Inclusion Criteria:

- Subjects must be women with a histologically confirmed invasive adenocarcinoma of the
breast (stage I, II, or III) with no evidence of metastatic disease.

- Patients must be planning to receive neoadjuvant or adjuvant chemotherapy. Patients
may receive concurrent trastuzumab as indicated. If a patient has not yet undergone
final surgical resection, it must be highly likely (but is not required to be
definite) that the patient will be treated with adjuvant chemotherapy.

- Patients must have:

- Reached their 25th birthday and not yet reached their 51st birthday at the time
of study enrollment, AND

- Had menses within 3 months prior to starting chemotherapy

- Patients must not have received prior cytotoxic chemotherapy for any oncologic,
rheumatologic, or dermatologic condition.

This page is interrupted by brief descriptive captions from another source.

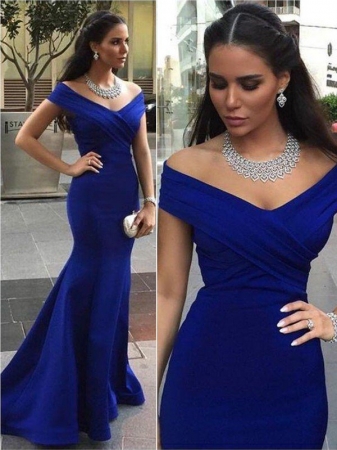 Trumpet/Mermaid Off-the-Shoulder Sleeveless Satin Sweep/Brush Train Dresses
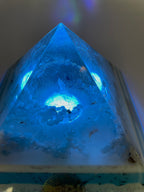 Orgonpyramide mit Blaucalcit und beleuchtetem Adler in Glaskugel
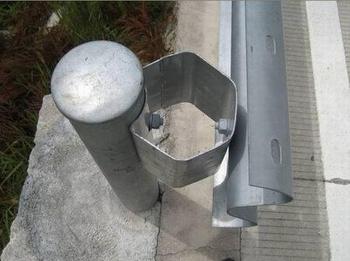 波形護(hù)欄板防阻塊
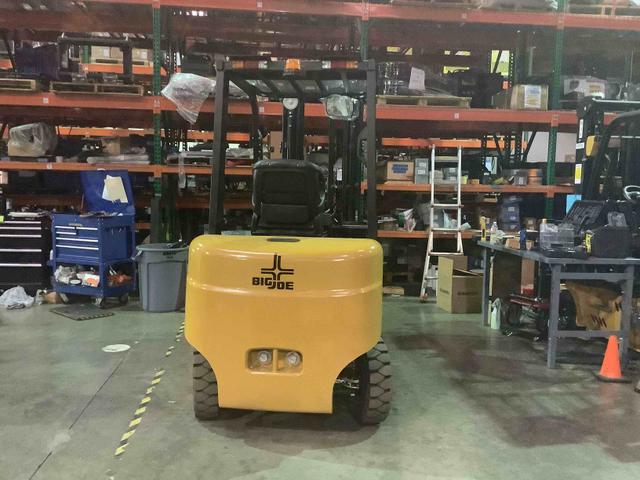 BIG JOE LPE-50_80V Lithium Electric Pneumatic forklift, 5000 capacity, 197 lift height. Serial 2311100422, Year 2022.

- Patients must not have had prior bilateral oophorectomy or pelvic radiation, and must
not have had prior hysterectomy

- ECOG performance status 0 - 2

- Pregnant or nursing women may not participate. Women of reproductive potential must
agree to use an effective non-hormonal contraceptive method, such as condoms, tubal
ligation, non-hormonal intrauterine device, partner sterilization, and abstinence
during chemotherapy.

- All patients must be informed of the investigational nature of this study and given
written informed consent in accordance with institutional and federal guidelines.